Your instructions: Pictures must not appear in the copy. Set down exactly the line with "Foto del edificio - 1404 Black Ridge Dr" and each line after it through the end of the data below.

Data shown:
+++

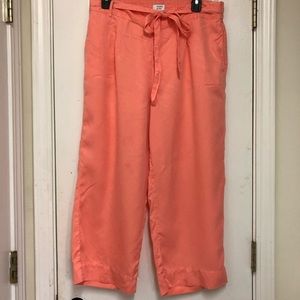 Gorgeous pair of Crown & Ivy pants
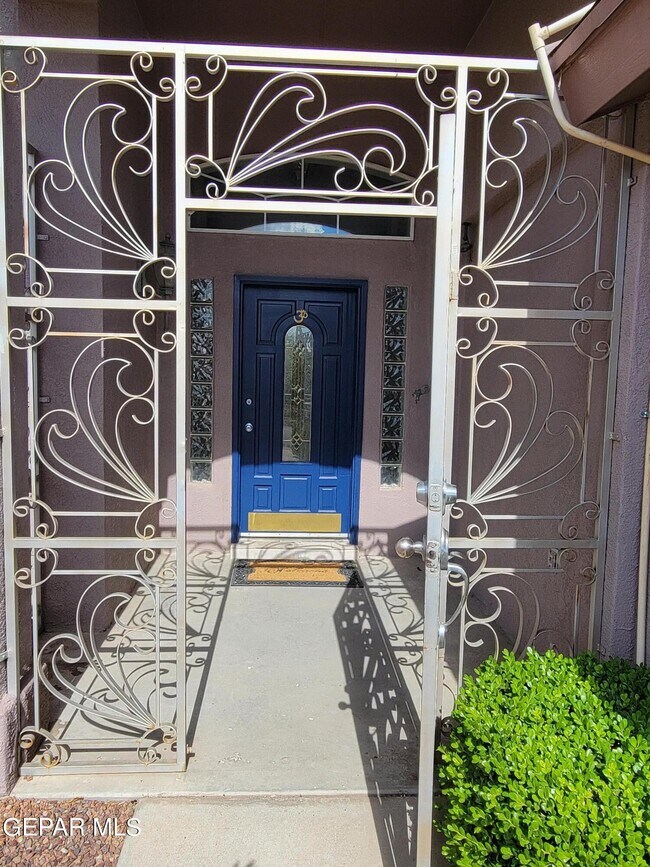Foto del edificio - 1404 Black Ridge Dr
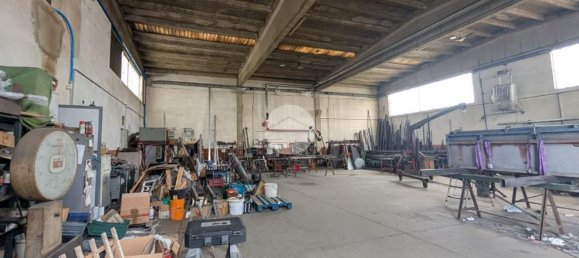 Lagerhaus in Calcinato, Italy 455m², Nr. 335625 4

+++

Output for this task:
Foto del edificio - 1404 Black Ridge Dr
 Lagerhaus in Calcinato, Italy 455m², Nr. 335625 4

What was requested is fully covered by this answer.